Question

A 70​-m-long chain hangs vertically from a cylinder attached to a winch. Assume there is no friction in the system and that the chain has a density of 5 ​kg/m. Use 9.8 m/s2 for the acceleration due to gravity. a. How much work is required to wind the entire chain onto the cylinder using the​ winch? b. How much work is required to wind the chain onto the cylinder if a 35​-kg block is attached to the end of the​ chain?

Answer 1

a) The work required to wind the entire chain onto the cylinder using the winch is 120135.75 joules, b) The work required to wind the chain plus the block is 144162.9 joules.

Step-by-step explanation:

a) Let be an infinitesimal part of the long chain, whose gravitational potential energy is:

`dU_(g) = g\cdot z \,\delta m`

Where:

`U_(g)` - Gravitational potential energy, measured in joules.

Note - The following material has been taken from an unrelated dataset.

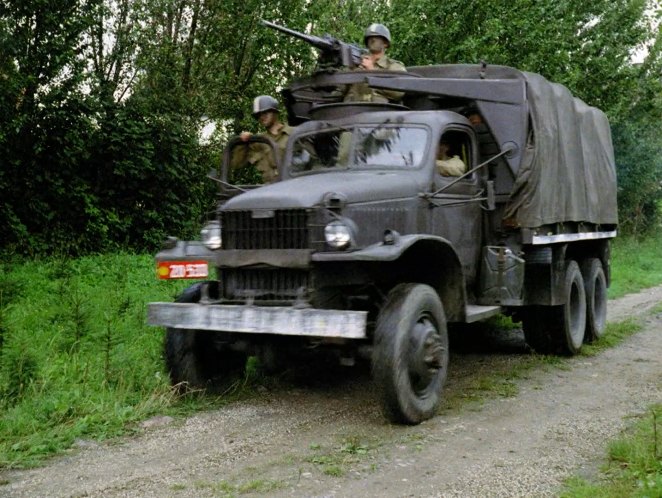 1941 GMC CCKW 352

`g` - Gravitational acceleration, measured in meters per square second.

`m` - Mass of the long chain, measured in kilograms.

`z` - Height of the portion of the long chain with respect to ground, measured in meters.

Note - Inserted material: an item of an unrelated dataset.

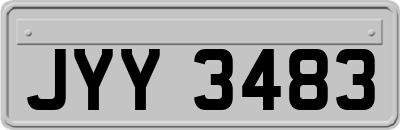 JYY3483
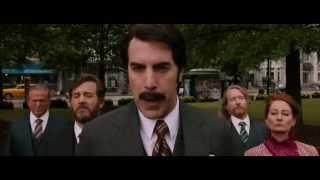 Телеведущий 2 - Битва/Anchorman 2 - Fight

Since chain has an uniform linear density, this differential expression can be rewritten as:

`dU_(g) = \lambda\cdot g \cdot z \, dz`

Where
`\lambda` is the linear density, measured in kilograms per meter.

We obtain the gravitational potential energy to wind the chain onto the cylinder by integration:

`\Delta U_(g, chain) = \lambda\cdot g \int\limits^{z_(f)}_{z_(o)} {z} \, dz`

`\Delta U_(g, chain) = (\lambda\cdot g)/(2) \cdot (z_(f)^(2)-z_(o)^(2))`

Where:

`\Delta U_(g, chain)` - Gravitational potential energy of the entire chain, measured in joules.

`z_(o)` - Initial height with respect to ground, measured in meters.

`z_(f)` - Final height with respect to ground, measured in meters.

From the Work-Energy Theorem we get that work needed to wind the entire chain equals the gravitational potential energy of the entire chain:

`W = \Delta U_(g, chain)`

`W = (\lambda\cdot g)/(2) \cdot (z_(f)^(2)-z_(o)^(2))`

If we know that
`\lambda = 5\,(kg)/(m)`,
`g = 9.807\,(m)/(s^(2))`,
`z_(o) = 0\,m` and
`z_(f) = 70\,m`, the work needed is:

`W = (\left(5\,(kg)/(m) \right)\cdot \left(9.807\,(m)/(s^(2)) \right))/(2) \cdot [(70\,m)^(2)-(0\,m)^(2)]`

`W = 120135.75\,J`

The work required to wind the entire chain onto the cylinder using the winch is 120135.75 joules.

b) The gravitational potential energy of the block, measured in joules, is:

`\Delta U_(g,block) = m_(block)\cdot g \cdot (z_(f)-z_(o))`

Where:

`m_(block)` - Mass of the block, measured in kilograms.

`z_(o)` - Initial height with respect to ground, measured in meters.

`z_(f)` - Final height with respect to ground, measured in meters.

According to the Work-Energy Theorem, the work needed to wind the chain plus the block equals the sum of both gravitational potential energies:

`W = \Delta U_(g, chain)+U_(g,block)`

`W = (\lambda \cdot g)/(2)\cdot (z_(f)^(2)-z_(o)^(2))+m_(block)\cdot g \cdot (z_(f)-z_(o))`

If we know that
`\lambda = 5\,(kg)/(m)`,
`g = 9.807\,(m)/(s^(2))`,
`z_(o) = 0\,m`,
`z_(f) = 70\,m` and
`m_(block) = 35\,kg`, the work required to wind the chain onto the cylinder if a block is attached to the end of the chain is:

`W = (\left(5\,(kg)/(m) \right)\cdot \left(9.807\,(m)/(s^(2)) \right))/(2)\cdot [(70\,m)^(2)-(0\,m)^(2)]+(35\,kg)\cdot \left(9.807\,(m)/(s^(2)) \right)\cdot (70\,m-0\,m)`

`W = 144162.9\,J`

The work required to wind the chain plus the block is 144162.9 joules.